What the task asks
Leave the pictures out, and repeat exactly every line from the one with "Series: Movie & TV - Cossnyc" through the end of the data below.

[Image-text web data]
###
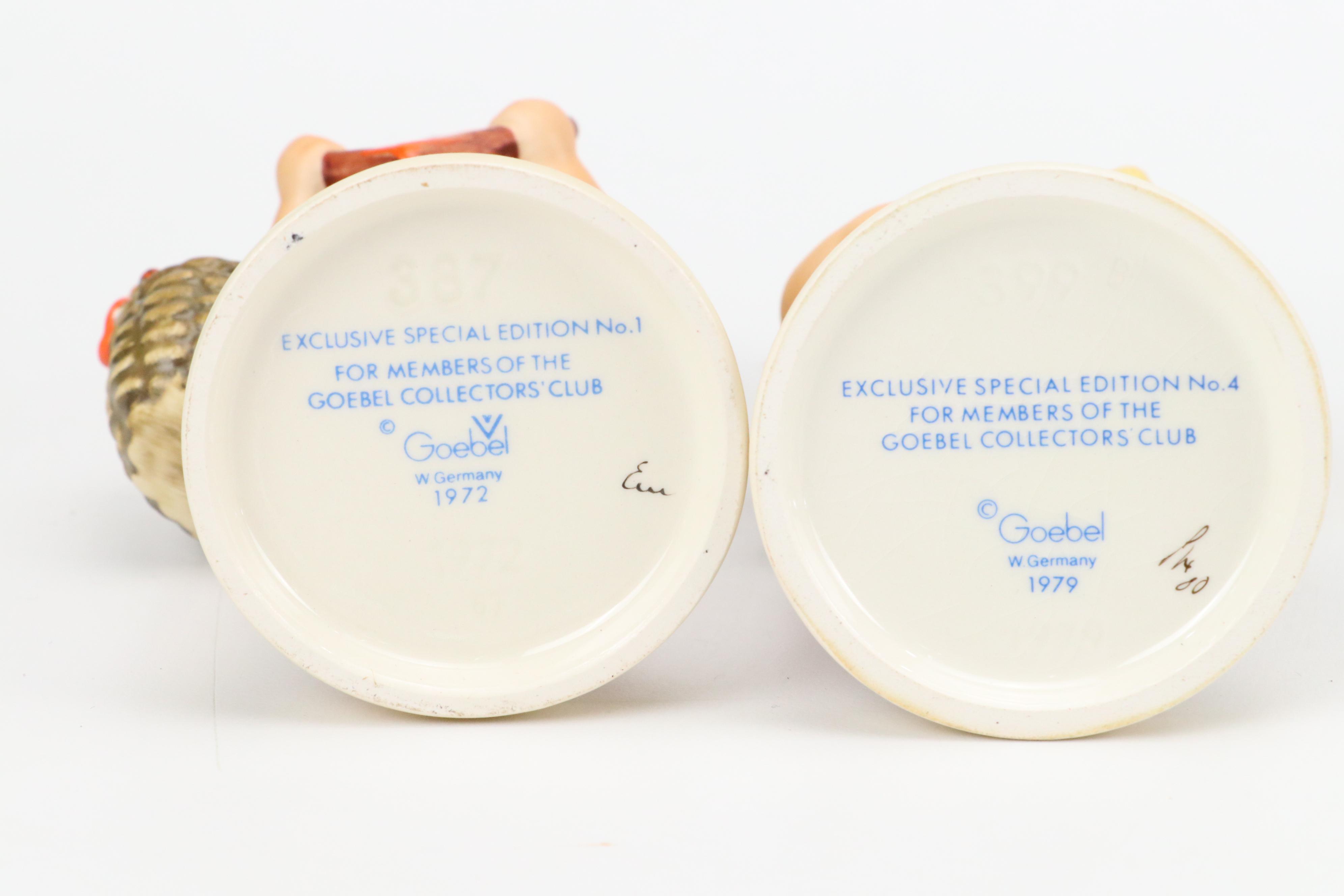 Goebel "Heavenly Angel," "Prayer Before Battle," and More Porcelain Figurines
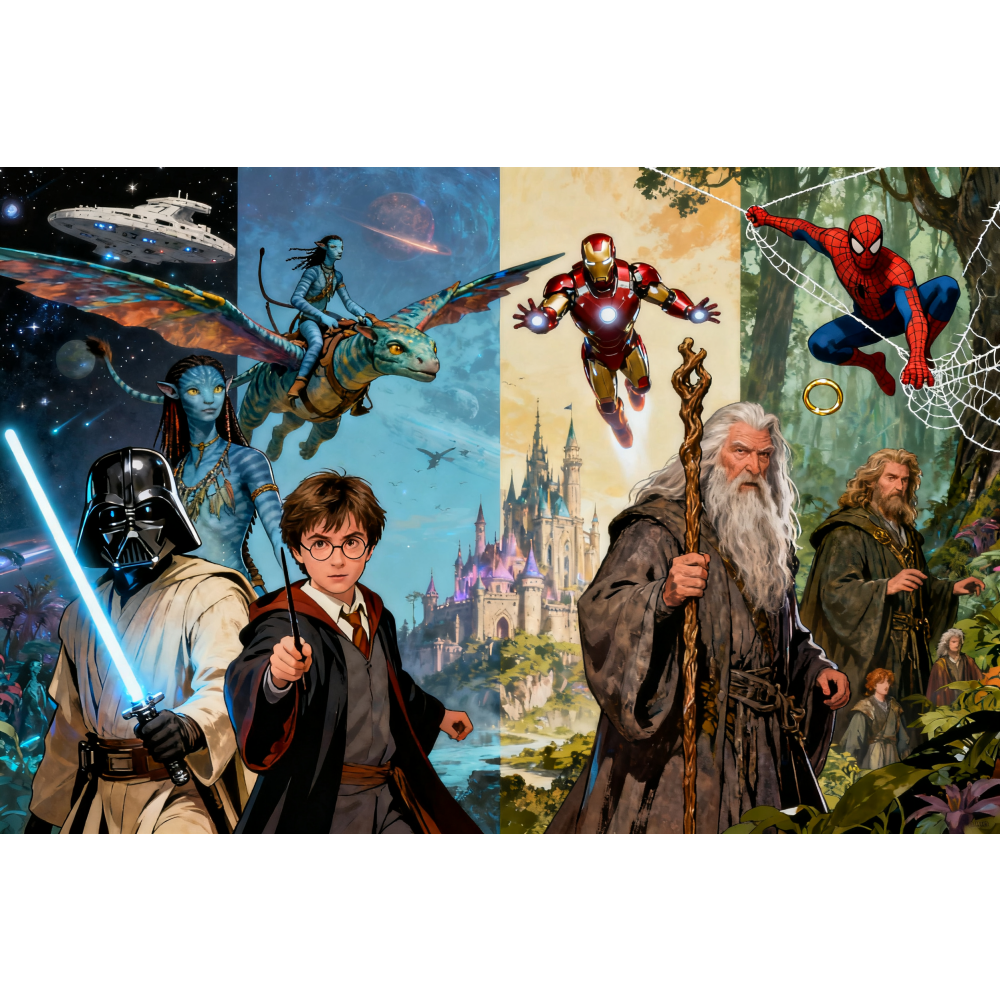 Series: Movie & TV - Cossnyc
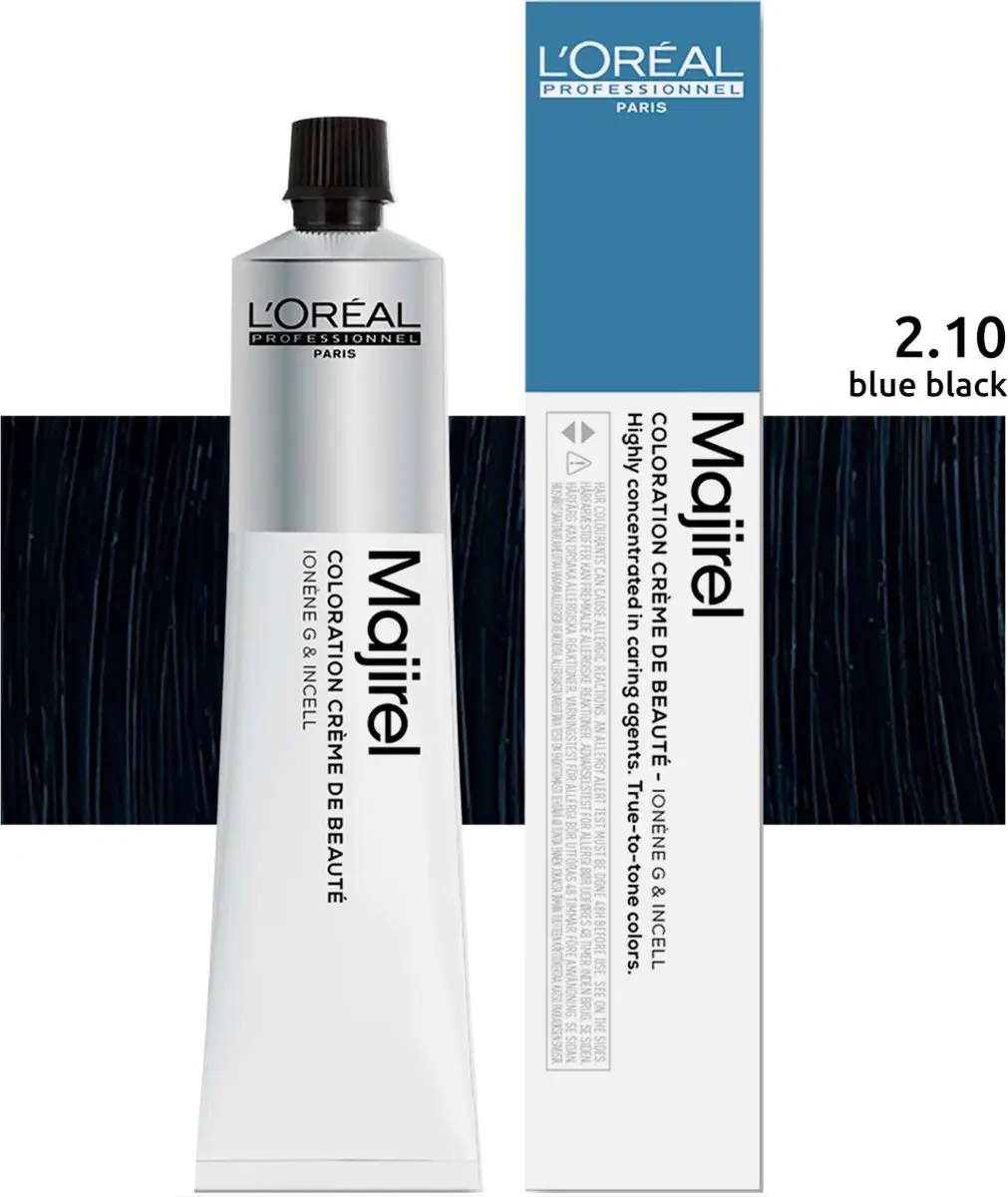 L'Oréal Professionnel Majirel Haarverf 50ml - 2.10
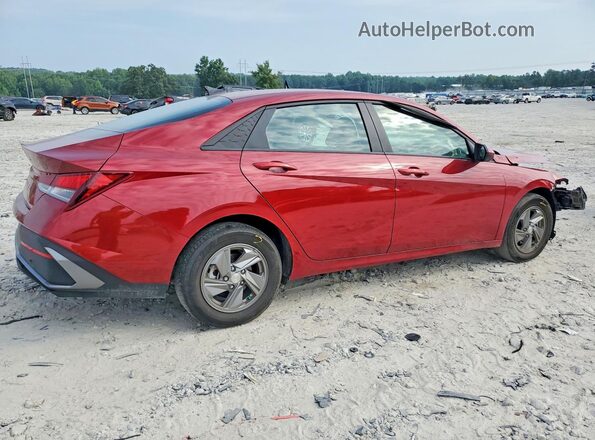 KMHLL4DG6RU831667 2024 HYUNDAI ELANTRA Red უკანა მარჯვენა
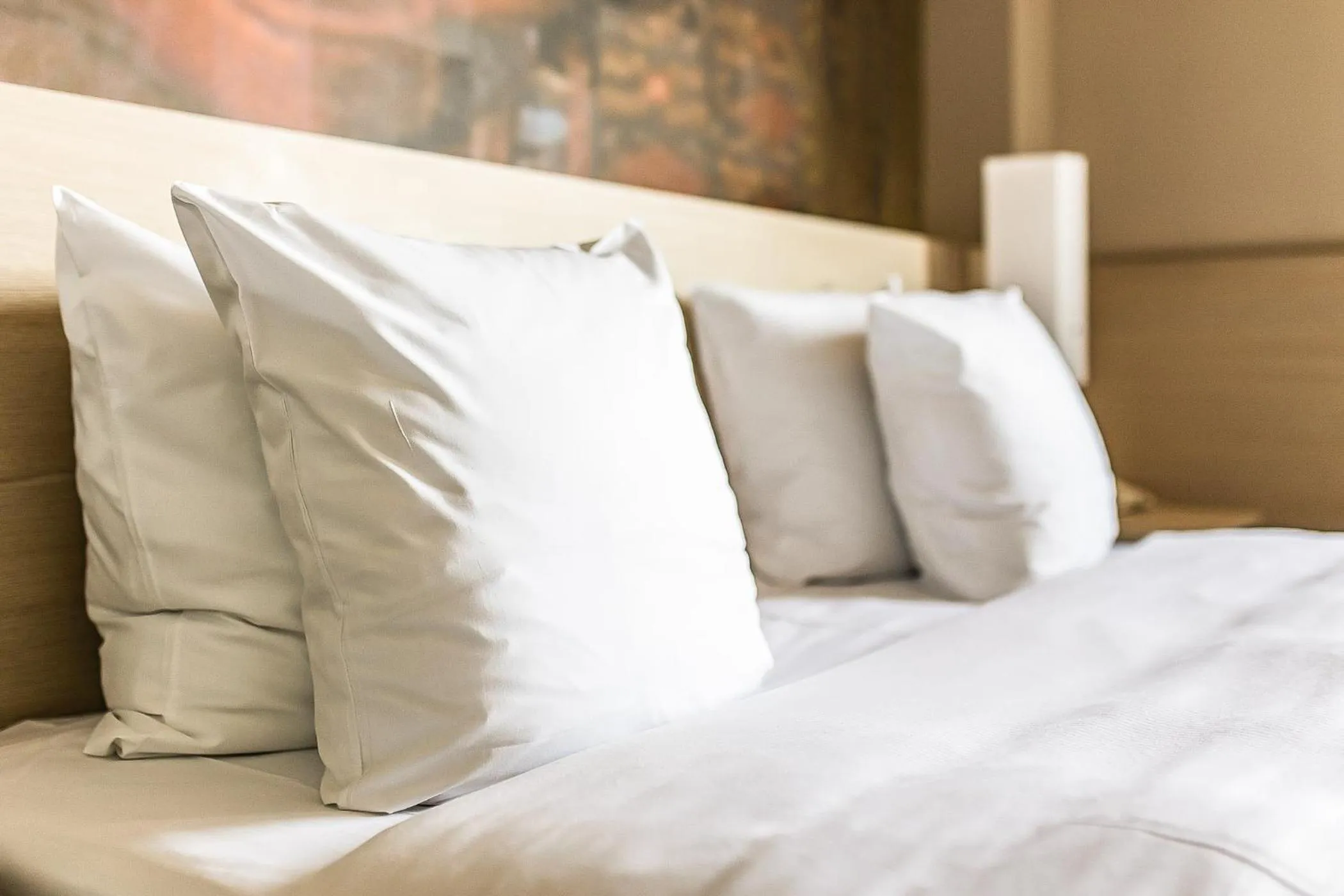 Bed in Radisson Blu Hotel, Hasselt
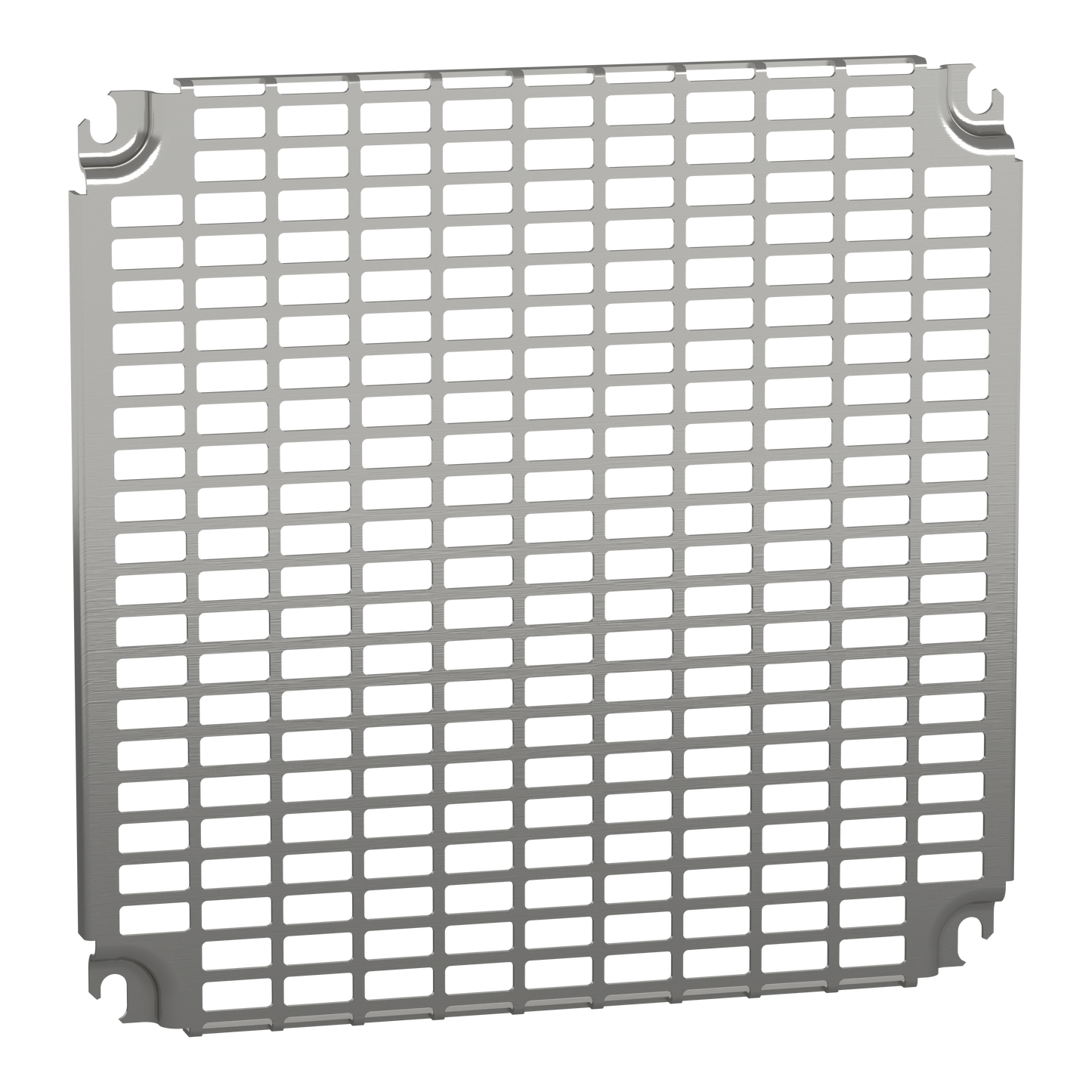 Schneider Electric-NSYMR44-PanelSeT - Thalassa - châssis perf. Telequick - acier - coffret H=400xL=400mm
###
Reply
 Series: Movie & TV - Cossnyc
 L'Oréal Professionnel Majirel Haarverf 50ml - 2.10
 KMHLL4DG6RU831667 2024 HYUNDAI ELANTRA Red უკანა მარჯვენა
 Bed in Radisson Blu Hotel, Hasselt
 Schneider Electric-NSYMR44-PanelSeT - Thalassa - châssis perf. Telequick - acier - coffret H=400xL=400mm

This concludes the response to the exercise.